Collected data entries
• • • •

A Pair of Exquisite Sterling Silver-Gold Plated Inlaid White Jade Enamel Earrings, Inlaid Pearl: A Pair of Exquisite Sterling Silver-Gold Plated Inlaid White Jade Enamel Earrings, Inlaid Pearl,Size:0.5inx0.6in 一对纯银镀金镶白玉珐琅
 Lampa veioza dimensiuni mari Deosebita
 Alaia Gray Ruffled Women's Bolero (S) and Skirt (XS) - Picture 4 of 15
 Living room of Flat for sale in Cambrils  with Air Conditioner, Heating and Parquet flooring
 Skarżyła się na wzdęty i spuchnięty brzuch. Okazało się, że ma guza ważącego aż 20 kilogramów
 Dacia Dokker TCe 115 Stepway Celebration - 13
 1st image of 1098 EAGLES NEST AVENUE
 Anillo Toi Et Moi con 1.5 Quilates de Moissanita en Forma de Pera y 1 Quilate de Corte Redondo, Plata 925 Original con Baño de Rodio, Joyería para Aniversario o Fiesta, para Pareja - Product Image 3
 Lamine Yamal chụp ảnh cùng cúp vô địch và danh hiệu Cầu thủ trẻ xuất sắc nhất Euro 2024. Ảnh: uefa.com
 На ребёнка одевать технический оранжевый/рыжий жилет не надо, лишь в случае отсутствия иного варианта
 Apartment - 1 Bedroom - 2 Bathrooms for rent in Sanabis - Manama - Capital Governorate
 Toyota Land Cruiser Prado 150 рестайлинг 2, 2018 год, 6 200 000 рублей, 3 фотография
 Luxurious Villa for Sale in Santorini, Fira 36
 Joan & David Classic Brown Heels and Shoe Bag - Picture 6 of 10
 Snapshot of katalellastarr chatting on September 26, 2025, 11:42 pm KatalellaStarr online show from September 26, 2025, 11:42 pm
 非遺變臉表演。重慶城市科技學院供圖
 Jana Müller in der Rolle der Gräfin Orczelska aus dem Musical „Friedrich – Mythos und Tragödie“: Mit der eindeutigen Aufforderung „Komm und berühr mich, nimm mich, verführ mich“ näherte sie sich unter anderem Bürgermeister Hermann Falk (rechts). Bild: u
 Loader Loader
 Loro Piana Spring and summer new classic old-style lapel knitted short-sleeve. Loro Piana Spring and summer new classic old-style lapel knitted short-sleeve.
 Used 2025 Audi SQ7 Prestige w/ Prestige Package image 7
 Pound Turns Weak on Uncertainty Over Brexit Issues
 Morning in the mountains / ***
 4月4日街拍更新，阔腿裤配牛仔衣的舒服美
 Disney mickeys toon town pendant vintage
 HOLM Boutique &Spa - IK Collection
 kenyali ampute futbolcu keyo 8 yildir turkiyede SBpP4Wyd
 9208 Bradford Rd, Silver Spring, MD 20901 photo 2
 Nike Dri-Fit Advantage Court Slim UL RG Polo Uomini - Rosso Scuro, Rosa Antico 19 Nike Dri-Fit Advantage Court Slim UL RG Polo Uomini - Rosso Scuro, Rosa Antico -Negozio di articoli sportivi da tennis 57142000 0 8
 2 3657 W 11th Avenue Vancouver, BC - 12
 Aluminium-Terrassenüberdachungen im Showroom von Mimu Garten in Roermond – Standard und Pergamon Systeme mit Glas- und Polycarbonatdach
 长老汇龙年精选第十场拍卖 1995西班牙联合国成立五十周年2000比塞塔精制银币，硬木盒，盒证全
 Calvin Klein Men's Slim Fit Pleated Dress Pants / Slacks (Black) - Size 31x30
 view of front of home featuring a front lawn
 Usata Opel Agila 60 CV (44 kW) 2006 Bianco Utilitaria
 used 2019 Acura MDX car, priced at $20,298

• • • •

§ TASK BRIEF: Find every line above where the word "Picture" occurs, and copy that line.

§ EXERCISE RESULT:
 Alaia Gray Ruffled Women's Bolero (S) and Skirt (XS) - Picture 4 of 15
 Joan & David Classic Brown Heels and Shoe Bag - Picture 6 of 10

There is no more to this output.